The average cost per exploration well was around NOK 240 million in 2017, which is about half the cost per well compared with 2013/2014. This change provides a rough estimate of the cost level reduction, although the composition of exploration wells may have changed somewhat. Well length is very important for the cost of an exploration well, and changes in average well length will therefore affect the cost per exploration well.
Figure 2‐5 Estimated exploration costs, forecast 2017‐2022
85 fields were in production at the end of 2017. This is in addition to the operation of pipelines and onshore facilities. The total operating costs were NOK 52 billion in 2017. After a period of reduction, operating costs are now expected to level off and then gradually increase. This is primarily due to new fields starting production.
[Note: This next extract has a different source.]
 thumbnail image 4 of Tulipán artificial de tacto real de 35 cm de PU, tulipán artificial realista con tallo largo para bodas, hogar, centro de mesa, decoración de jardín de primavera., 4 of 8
Compared with the projection in the Shelf in 2016, the new projection is somewhat lower than the estimated level from 2020 (Figure 2‐6). This is due to both a lower estimate for operating costs on operating fields and a reduced operating cost estimate for new fields.
Figure 2‐6 Operating cost specified by field status, forecast 2017‐2022
Overall cost development estimate
Figure 2‐7 shows the overall estimate for operating costs, investments, exploration costs, shutdown and disposal costs, as well as other costs. The Other costs category includes certain smaller items, such as concept studies and preparing for operations.
Overall costs in 2017 totalled about NOK 210 billion. As a result of increased estimates for investments and exploration costs, the overall costs will increase from 2018 to 2020. In comparison, overall costs in 2014 totalled NOK 325 billion.
Figure 2‐7 Overall costs, forecast 2017‐2022
The reason that cost projections for the next few years are somewhat higher than the projections given last year, is quicker start‐up of new development projects and thus higher investments than presumed in the Shelf in 2016.